[Data listing Boundary: Start]

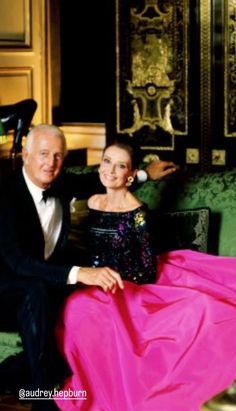 an older man and young woman sitting on a green couch in formal wear, posing for the camera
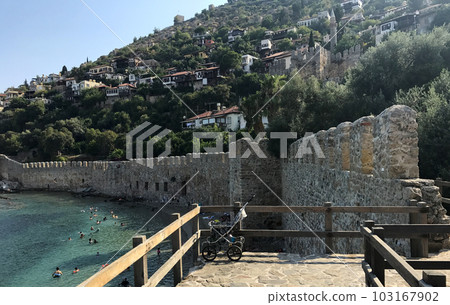 Turkey, Alanya, View of the sea, mountains and the old town, there is a pram on the road. Turkey, Alanya, View of the sea, mountains and the old town, there is a pram on the road. 103167902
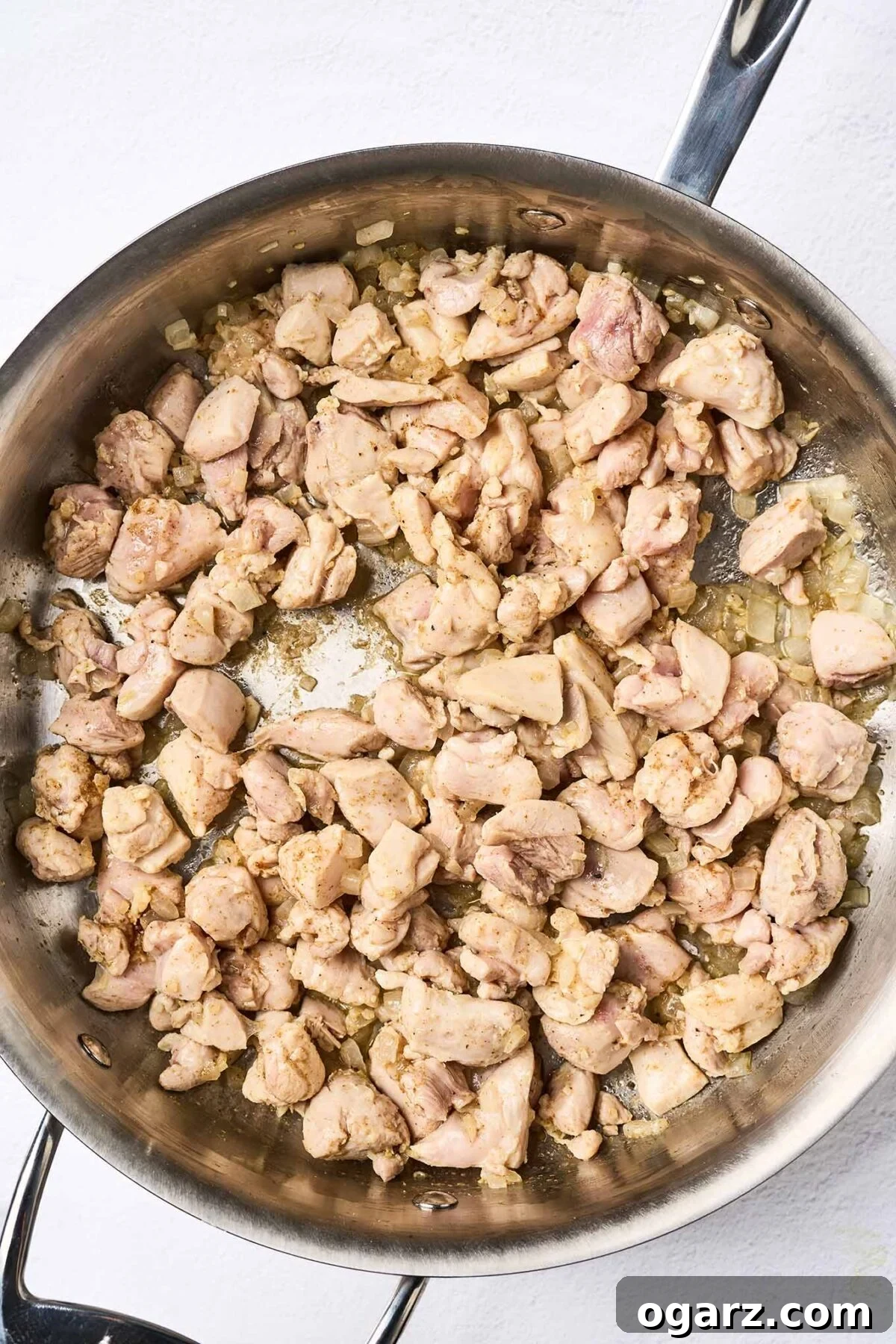 Bite sized chunks of boneless chicken thighs cooking in a sauté pan with chopped onion, garlic, and ginger.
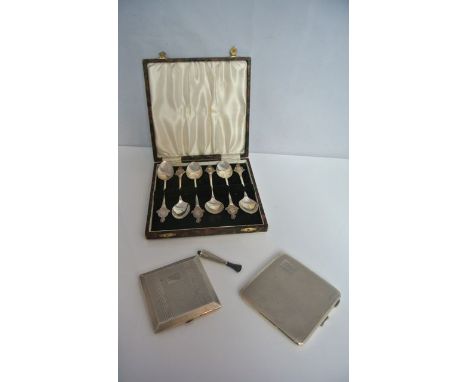 A cased set of six silver teaspoons, Birmingham, 1935-1937, each handle with "The Duke of Wellington's Regt" terminal, 83g in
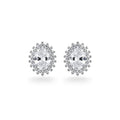NAGPAL JEWELLERS Ginko Glitz oval stud earrings with halo of small diamonds, crafted from 92.5 silver.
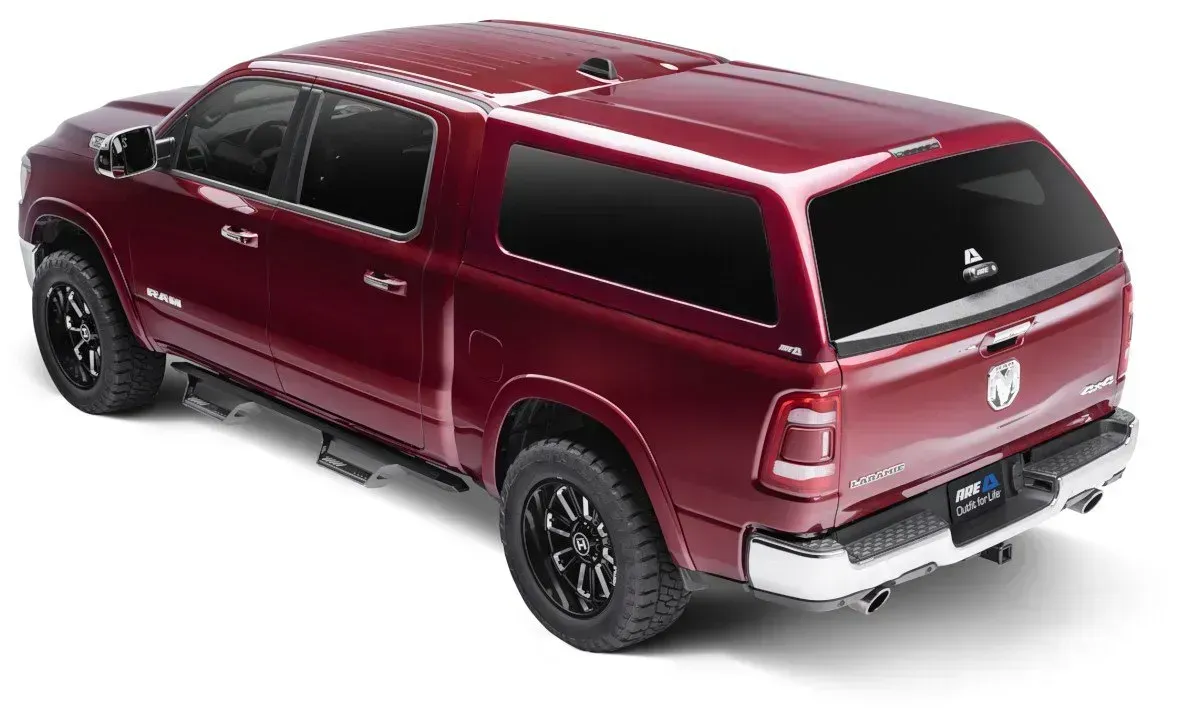 Red pickup truck with a matching camper shell, viewed from a high angle.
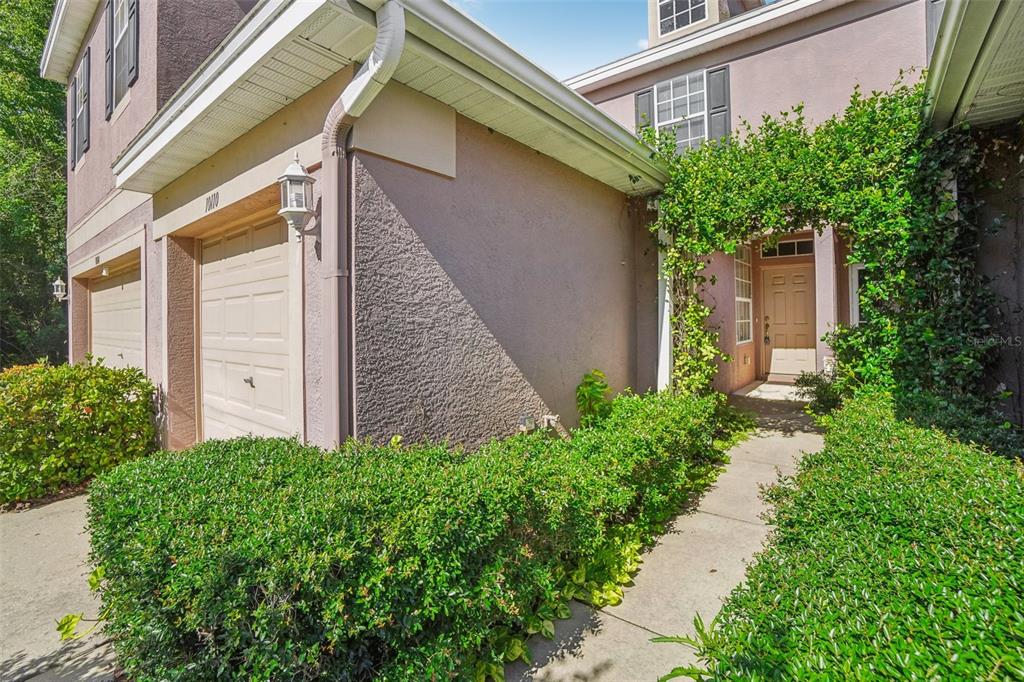 A tan stucco townhouse exterior features a garage, a front entrance, and manicured green hedges — 10110 TRANQUILITY WAY, TAMPA, FL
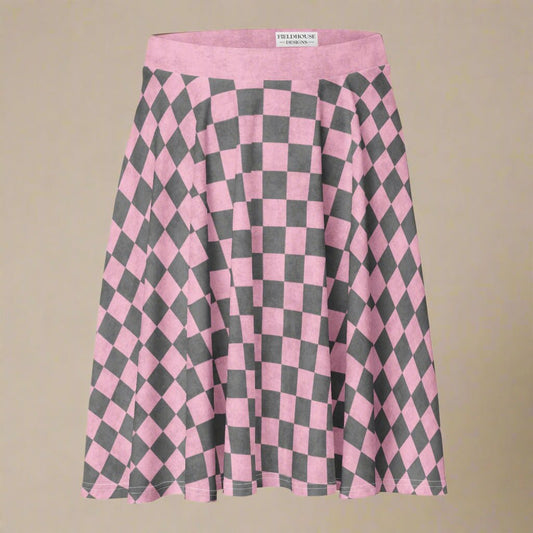 Pink and gray checkered skirt with 'Fieldhouse' label on a beige background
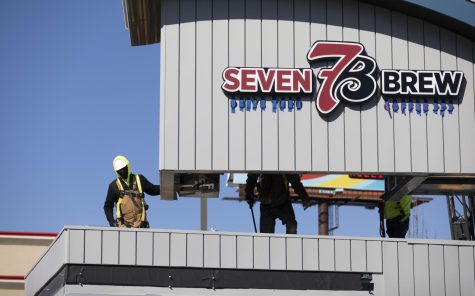 Construction workers help lower the newly built 7 Brew drive-thru coffee shop into position located on Scottsville road on Friday, Feb. 3, 2022.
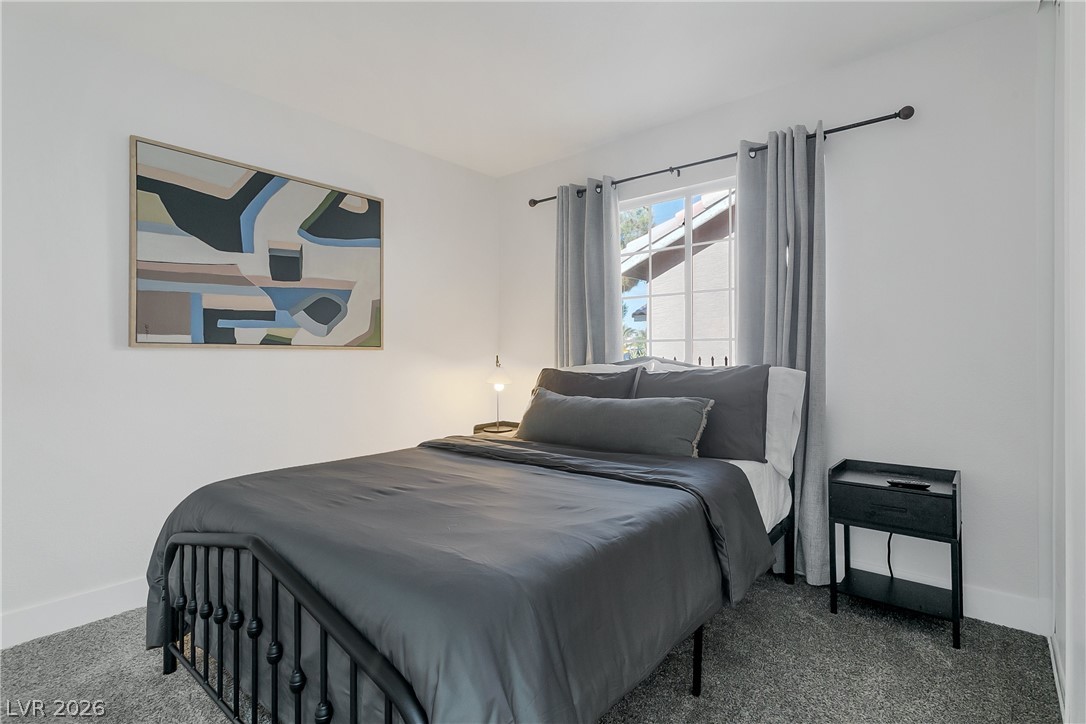 101 Beaver Ridge Avenue North Las Vegas, NV 89031 - Photo 20 of 42 A well-lit bedroom features plush carpeting and a window offering a peek at the surrounding architecture.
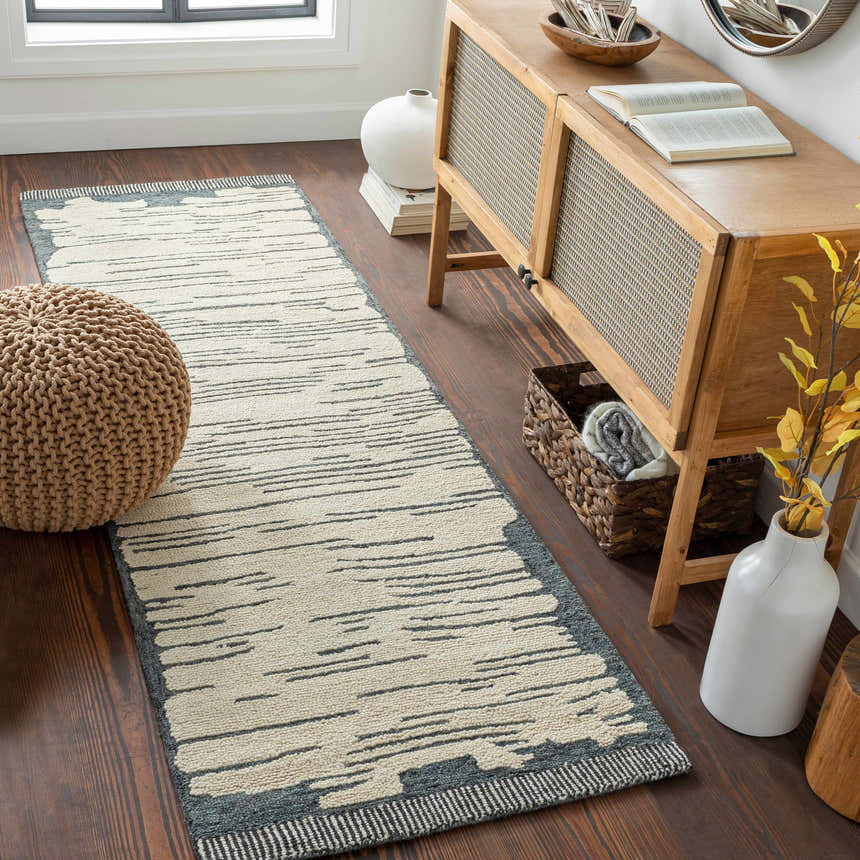 Entryway with a Tapas Wool Area Rug runner in cream and charcoal, wood floors, and a console table. Roomscene-Runner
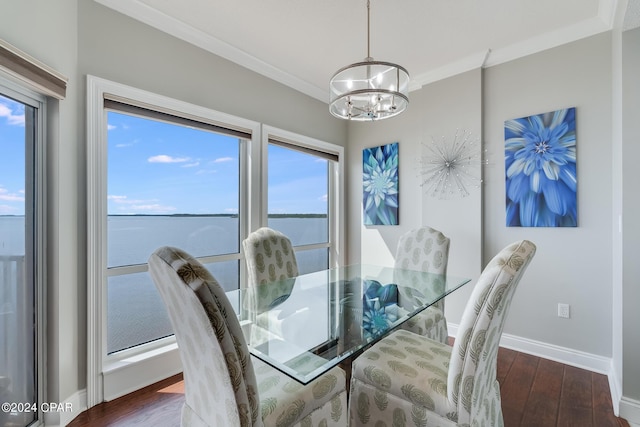 dining room featuring a chandelier, ornamental molding, a water view, and dark wood-type flooring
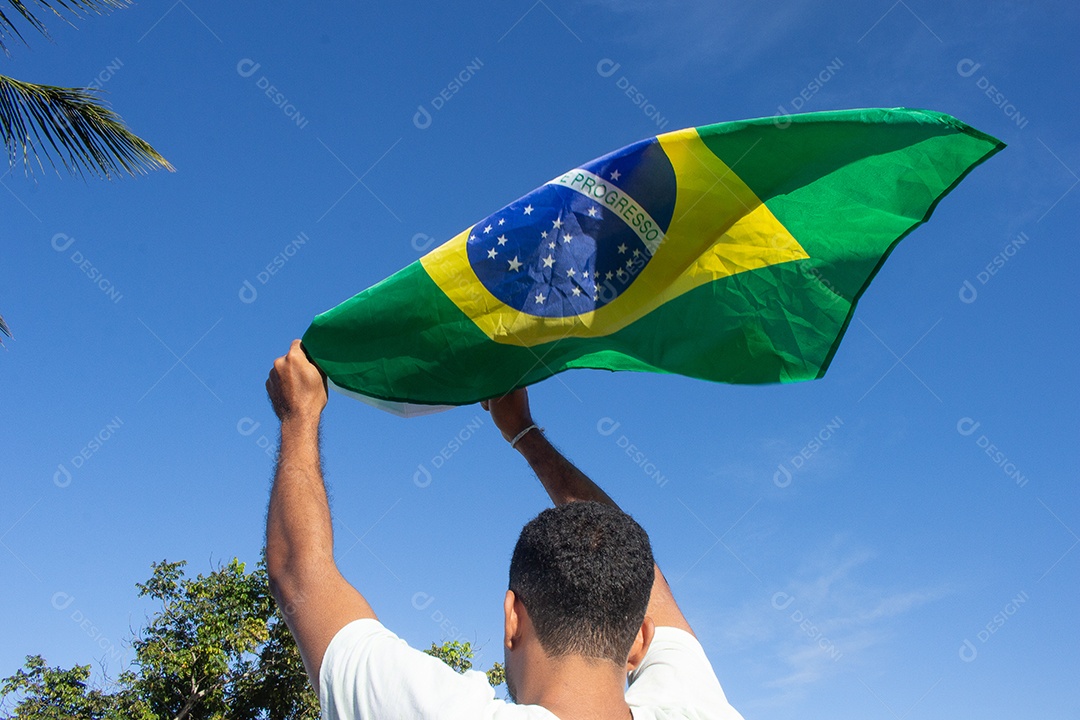 homem segurando a bandeira do brasil em suas mãos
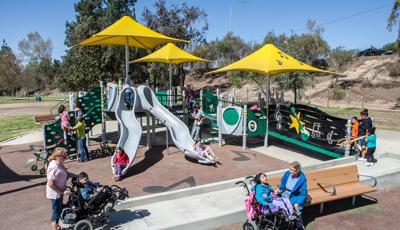 Children enjoying the custom inclusve Ritchie Valens Park. A boy in his wheel chair is helped up the ramp, while another girl sits next to a woman who is assisting her. In the background other children of all abilities ride the down the double slide and two girls are assisted up a climber.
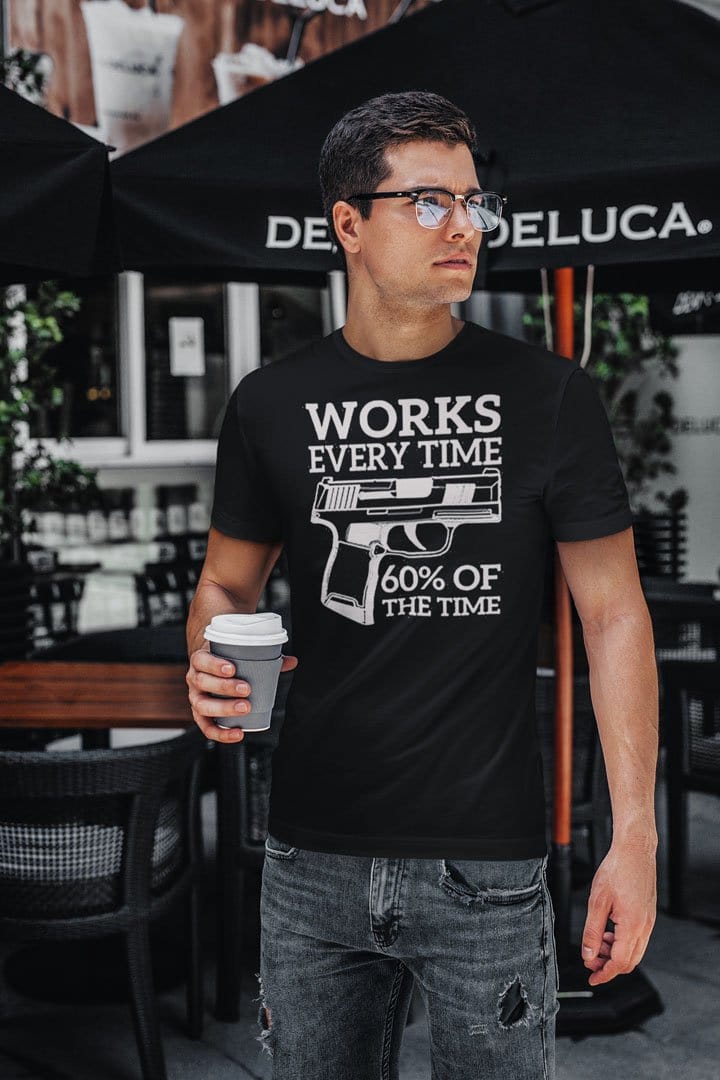 Man wearing 'Sixty Percent Of The Time It Works' graphic t-shirt holding coffee cup.
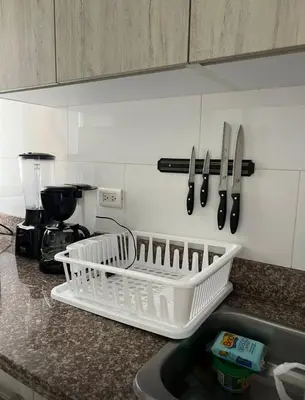 a kitchen counter with a white dish rack and knives at Yuyos apartamentos acogedores in Barranquilla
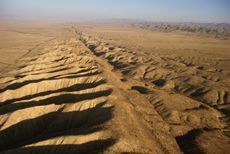 The San Andreas fault system is more than 800 miles (1,300 kilometers) long, and as deep as 10 miles (16 km) in some spots.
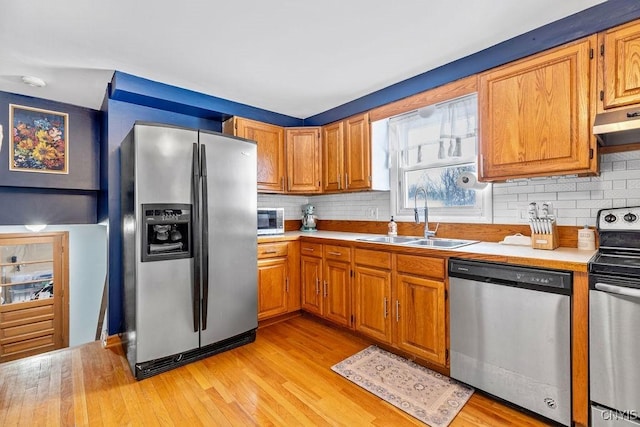 kitchen with light wood finished floors, appliances with stainless steel finishes, light countertops, under cabinet range hood, and a sink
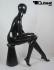 Sitting, female mannequin, black mat faceless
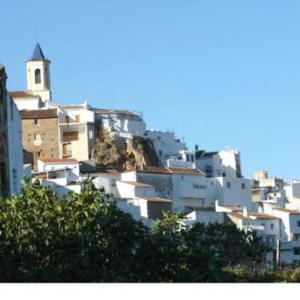 a group of white buildings on a hill with a church at Casa las tres Conchas (2) in Yunquera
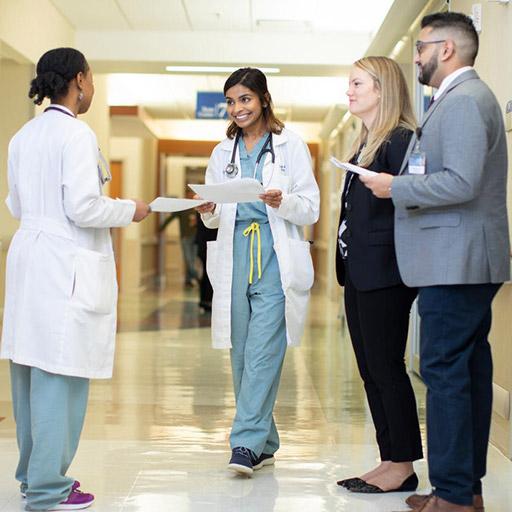 Group of consultant, nurse, and residents discussing case in hallway at Mayo Clinic.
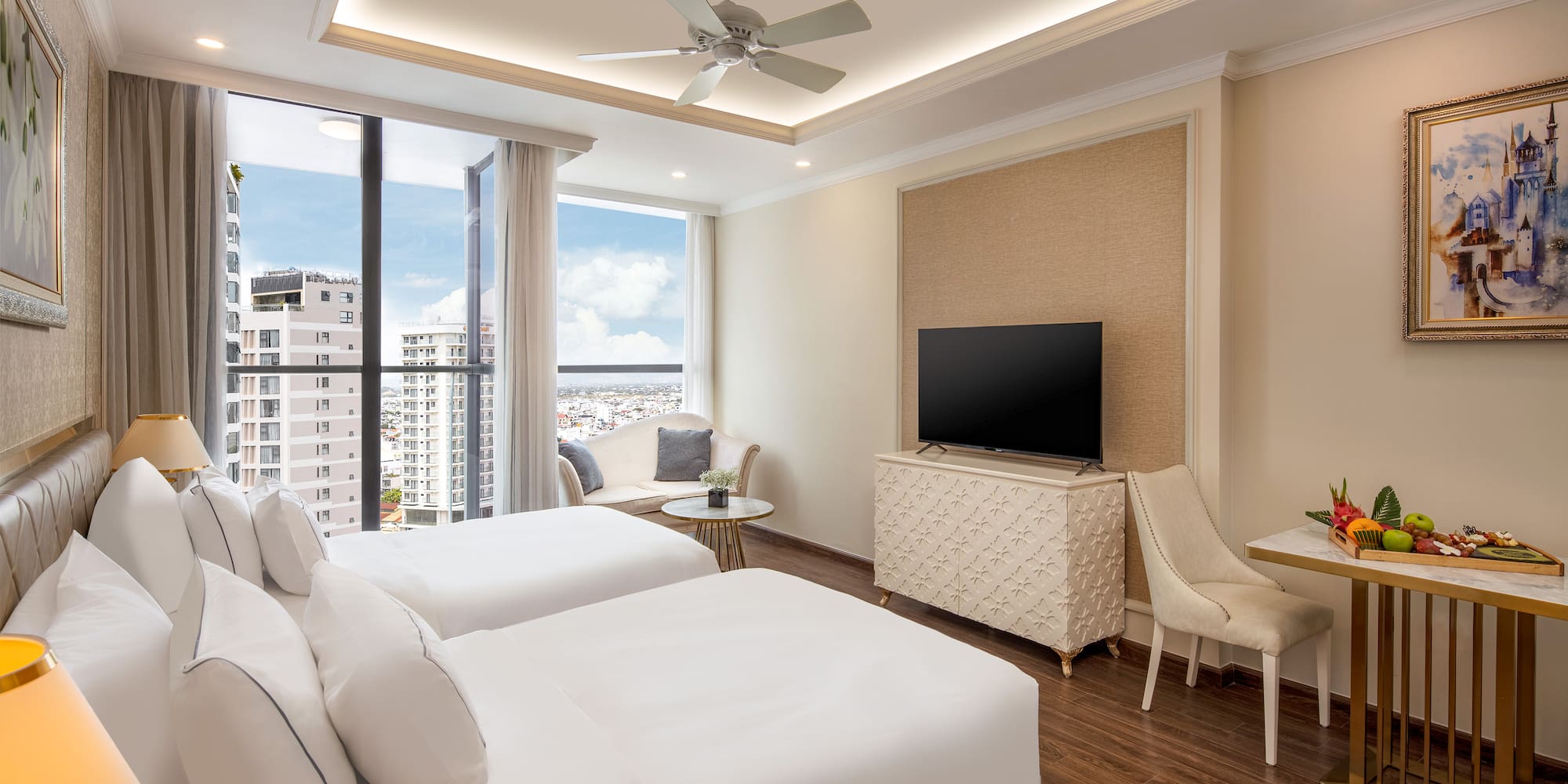 a room with two beds and a television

[Data listing Boundary: End]

Your instructions =
Would you restate the listing word for word without its pictures?

Reply =
 an older man and young woman sitting on a green couch in formal wear, posing for the camera
 Turkey, Alanya, View of the sea, mountains and the old town, there is a pram on the road. Turkey, Alanya, View of the sea, mountains and the old town, there is a pram on the road. 103167902
 Bite sized chunks of boneless chicken thighs cooking in a sauté pan with chopped onion, garlic, and ginger.
 A cased set of six silver teaspoons, Birmingham, 1935-1937, each handle with "The Duke of Wellington's Regt" terminal, 83g in
NAGPAL JEWELLERS Ginko Glitz oval stud earrings with halo of small diamonds, crafted from 92.5 silver.
 Red pickup truck with a matching camper shell, viewed from a high angle.
 A tan stucco townhouse exterior features a garage, a front entrance, and manicured green hedges — 10110 TRANQUILITY WAY, TAMPA, FL
 Pink and gray checkered skirt with 'Fieldhouse' label on a beige background
 Construction workers help lower the newly built 7 Brew drive-thru coffee shop into position located on Scottsville road on Friday, Feb. 3, 2022.
 101 Beaver Ridge Avenue North Las Vegas, NV 89031 - Photo 20 of 42 A well-lit bedroom features plush carpeting and a window offering a peek at the surrounding architecture.
 Entryway with a Tapas Wool Area Rug runner in cream and charcoal, wood floors, and a console table. Roomscene-Runner
 dining room featuring a chandelier, ornamental molding, a water view, and dark wood-type flooring
 homem segurando a bandeira do brasil em suas mãos
 Children enjoying the custom inclusve Ritchie Valens Park. A boy in his wheel chair is helped up the ramp, while another girl sits next to a woman who is assisting her. In the background other children of all abilities ride the down the double slide and two girls are assisted up a climber.
 Man wearing 'Sixty Percent Of The Time It Works' graphic t-shirt holding coffee cup.
 a kitchen counter with a white dish rack and knives at Yuyos apartamentos acogedores in Barranquilla
 The San Andreas fault system is more than 800 miles (1,300 kilometers) long, and as deep as 10 miles (16 km) in some spots.
 kitchen with light wood finished floors, appliances with stainless steel finishes, light countertops, under cabinet range hood, and a sink
 Sitting, female mannequin, black mat faceless
 a group of white buildings on a hill with a church at Casa las tres Conchas (2) in Yunquera
 Group of consultant, nurse, and residents discussing case in hallway at Mayo Clinic.
 a room with two beds and a television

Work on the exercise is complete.